Ohhhhhhh nein..... Tote Kormorane .... ohhh nein


----------



## Professor Tinca (9. Mai 2022)

Ich hoffe es werden noch ein paar mehr.
Hier in MV gibt es seit Jahren mehr Kormorane als die Fischbestände verkraften und die(von den Spenden gut lebenden) NS-Verbände stellen sich quer bzgl. Dezimierung.
Nun hilft die Natur sich hoffenlich selbst.









						Rekordzahl an Kormoranen in Mecklenburg-Vorpommern - WELT
					

Rekordzahl an Kormoranen in Mecklenburg-Vorpommern




					www.welt.de
				












						Jagd: Halbierung der Kormoran-Bestände in MV gefordert | Nordkurier.de
					

Angler, Bauern, Jäger, Waldbesitzer und Fischer in MV sind sich offenbar einig: Sieben Verbände wollen eine gezielte Jagd auf Kormorane – am besten direkt an den Brutplätzen.




					www.nordkurier.de


----------



## Vincent_der_Falke (9. Mai 2022)

Hab das Gefühl, dass es vielen Vereinen scheiß egal ist. Die Mitglieder zahlen ja schön weiter...Einfach zum Kotzen diese Mentalität
Und dann nichtmal Besatz machen...Kein Wunder, dass von Jahr zu Jahr schlechter gefangen wird. Und die Beiträge? Ja, die werden immer teurer...Tz...

Zitat letztens von nem Kontrolleur: "Ja wir dürften die hier schießen, hat aber keiner Bock drauf" 
Da wusste ich echt nicht mehr in welchem Film ich gerade bin.


----------



## Dorschbremse (9. Mai 2022)

Ich glaub in Stenkelfeld würd der Förster mal eben mit der Hirschorgel dran lang gehen


----------



## rippi (9. Mai 2022)

Vincent_der_Falke schrieb:


> Zitat letztens von nem Kontrolleur: "Ja wir dürften die hier schießen, hat aber keiner Bock drauf"
> Da wusste ich echt nicht mehr in welchem Film ich gerade bin.


Ja dann nimm doch selbst die Gampam und baller drauf los?!


----------



## Vincent_der_Falke (9. Mai 2022)

rippi schrieb:


> Ja dann nimm doch selbst die Gampam und baller drauf los?!

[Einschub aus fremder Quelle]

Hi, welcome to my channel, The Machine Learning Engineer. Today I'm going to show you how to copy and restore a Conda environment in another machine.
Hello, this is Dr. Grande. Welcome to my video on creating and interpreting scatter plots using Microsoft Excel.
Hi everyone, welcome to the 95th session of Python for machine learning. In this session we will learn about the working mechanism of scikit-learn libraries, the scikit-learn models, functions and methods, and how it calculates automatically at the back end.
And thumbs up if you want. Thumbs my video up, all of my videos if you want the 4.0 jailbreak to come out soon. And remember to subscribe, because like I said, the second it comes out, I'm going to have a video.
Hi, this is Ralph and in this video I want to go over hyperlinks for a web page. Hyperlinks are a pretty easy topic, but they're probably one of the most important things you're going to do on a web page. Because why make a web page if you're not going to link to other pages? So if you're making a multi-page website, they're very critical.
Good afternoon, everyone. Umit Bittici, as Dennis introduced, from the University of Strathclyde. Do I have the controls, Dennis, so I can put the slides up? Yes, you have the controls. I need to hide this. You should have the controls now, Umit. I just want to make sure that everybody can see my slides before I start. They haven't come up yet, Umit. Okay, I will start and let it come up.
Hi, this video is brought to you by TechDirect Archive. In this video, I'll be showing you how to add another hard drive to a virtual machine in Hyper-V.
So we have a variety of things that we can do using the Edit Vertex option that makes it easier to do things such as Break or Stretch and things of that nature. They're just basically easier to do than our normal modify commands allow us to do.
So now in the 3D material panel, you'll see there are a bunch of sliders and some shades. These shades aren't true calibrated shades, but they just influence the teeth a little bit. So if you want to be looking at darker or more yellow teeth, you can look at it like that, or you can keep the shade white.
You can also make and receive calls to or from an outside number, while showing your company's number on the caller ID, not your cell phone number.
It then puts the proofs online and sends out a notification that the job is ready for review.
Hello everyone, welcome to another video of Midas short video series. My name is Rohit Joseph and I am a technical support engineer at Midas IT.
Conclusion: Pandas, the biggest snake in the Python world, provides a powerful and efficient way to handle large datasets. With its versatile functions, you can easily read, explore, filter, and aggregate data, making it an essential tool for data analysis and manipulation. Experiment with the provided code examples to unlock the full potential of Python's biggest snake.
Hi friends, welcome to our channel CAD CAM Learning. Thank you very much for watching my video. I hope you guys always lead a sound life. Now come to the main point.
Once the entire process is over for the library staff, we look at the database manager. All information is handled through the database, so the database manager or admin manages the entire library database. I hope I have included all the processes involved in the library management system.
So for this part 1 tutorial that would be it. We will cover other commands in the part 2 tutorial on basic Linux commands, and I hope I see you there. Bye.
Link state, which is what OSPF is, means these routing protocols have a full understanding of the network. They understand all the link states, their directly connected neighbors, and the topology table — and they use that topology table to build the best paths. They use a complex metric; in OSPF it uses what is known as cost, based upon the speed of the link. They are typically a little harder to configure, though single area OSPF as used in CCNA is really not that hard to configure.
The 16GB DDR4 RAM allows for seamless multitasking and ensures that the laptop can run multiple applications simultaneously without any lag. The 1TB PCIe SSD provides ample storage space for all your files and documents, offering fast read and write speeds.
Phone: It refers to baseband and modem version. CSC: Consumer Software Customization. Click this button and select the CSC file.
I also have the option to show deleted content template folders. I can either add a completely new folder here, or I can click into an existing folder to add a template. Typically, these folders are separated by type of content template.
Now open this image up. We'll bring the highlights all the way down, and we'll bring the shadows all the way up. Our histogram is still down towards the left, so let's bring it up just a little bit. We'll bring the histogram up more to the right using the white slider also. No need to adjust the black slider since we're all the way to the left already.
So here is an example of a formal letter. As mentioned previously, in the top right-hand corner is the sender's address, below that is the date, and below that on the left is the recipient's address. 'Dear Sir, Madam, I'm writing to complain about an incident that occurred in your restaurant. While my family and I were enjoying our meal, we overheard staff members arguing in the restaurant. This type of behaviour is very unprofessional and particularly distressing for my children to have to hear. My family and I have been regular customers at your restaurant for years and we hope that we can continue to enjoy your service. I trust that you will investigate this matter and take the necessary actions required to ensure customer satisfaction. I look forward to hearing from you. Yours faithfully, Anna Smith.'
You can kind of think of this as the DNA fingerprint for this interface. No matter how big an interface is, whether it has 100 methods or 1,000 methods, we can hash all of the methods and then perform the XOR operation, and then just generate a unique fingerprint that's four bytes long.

Wenn ich die Berechtigung dazu hätte, gerne


----------



## rippi (9. Mai 2022)

Vincent_der_Falke schrieb:


> Wenn ich die Berechtigung dazu hätte, gerne


Berechtigungen sind immer auch Einschränkungen.


----------



## Dorschbremse (9. Mai 2022)

Jepp... Das ist die Crux- wennste was hast, können dir andere wieder was wech nehmen.... Is wie beim Führerschein


----------



## Vincent_der_Falke (9. Mai 2022)

Macht absolut Sinn.


----------



## Der mit dem Fisch tanzt (9. Mai 2022)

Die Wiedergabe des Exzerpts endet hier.